In the incumbents’ “perfect world”, they would simply fold the OVD market into the suite of rights they acquire for traditional television markets without having to compete with Netflix at all. If they had it their way, the Internet would just be bolted on to the side of their lucrative television business.
Netflix strengthens the hands of content creators and rights holders on both sides of the border relative to traditional broadcasters. In Canada, this battle over the essential resources of the media economy — networks, money and copyrights — are concealed by a fog of sanctimonious rhetoric about cultural policy led by vested interests.
Seen from the broadcaster’s point of view, Netflix’s recent acquisition of new drama series and its deal with Paramount Studios for online video distribution are just further evidence that the company is steadily encroaching on their turf — one more reason why it should be quickly brought to heel. Even if we thought for a moment that regulating Neflix and OVDs was a good idea, what should we do as Hollywood experiments with using Facebook as a new ‘window’ for blockbusters such as The Dark Knight, Philosopher’s Stone, Yogi Bear, and Chamber of Secrets, among others?

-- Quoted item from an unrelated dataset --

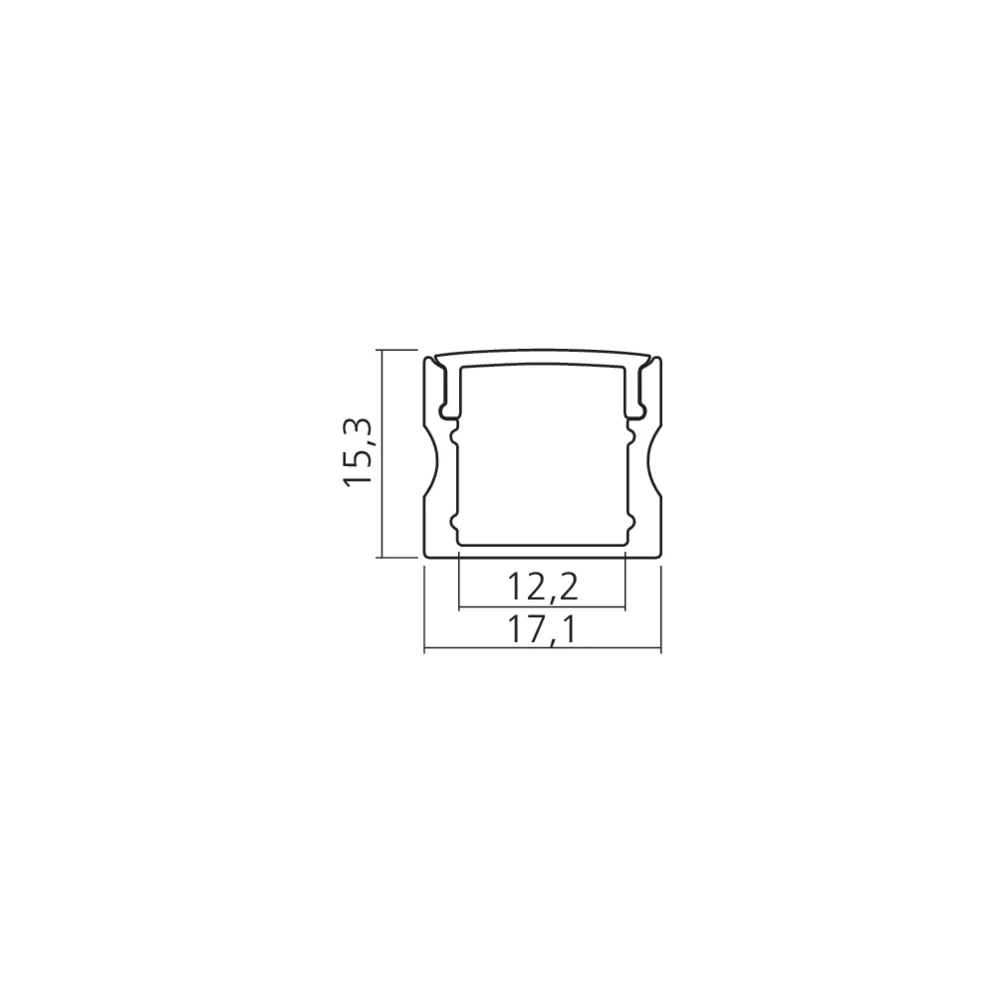 Profil en applique 17x15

Do we regulate Facebook as a broadcaster too? I’m all for attending to that company’s privacy issues and other mattters, but Facebook and broadcasting? Obviously, there is no shortage of slippery slopes and pitfalls along the incumbents’ garden path.
The sixth defensive weapon in the incumbent’s bid to hobble new rivals is their coordinated push for government regulation. Perhaps the award for sharpest U-turn on these issues goes to Shaw after it acquired Global TV in the fall of 2010.
After a decade of opposition to the CRTC in general and to the regulation of the Internet specifically, Shaw President Peter Bissonnette laid out the new gospel in front of the Canadian Heritage Committee referred to earlier: “If there’s one message we want to leave with you . . . it is that over-the-top competitors have a free ride. They’re aggregators of broadcasting. They provide broadcasting services in Canada.” They should be regulated like broadcasters.
For anybody still under the illusion that the Internet is unregulable, Shaw and others point to extensive regulatory tools that they’d like to see pressed into service: e.g. ISP levies; extending Section 19 Income Tax Act Exemptions so that adverting on Canadian Internet sites can be written off just as it is for Canadian-owned newspapers, magazines and broadcasters; Canadian Media Fund contributions; Cancon Quotas, etc.
Acceding to the full sweep of this agenda would not just wreck Netflix’s ‘business model’, it would destroy the future of the Internet. To stem the tide, we need to understand just how wildly out of synch the ‘sky-is-falling’ rhetoric is with the fact that the television industry is more lucrative then ever. We also might wonder if Netflix, Apple, Google, Amazon, et. al. might agree to adding some water to their wine in return for a quick stop being put to the discriminatory practices that now hobble their activities in Canada?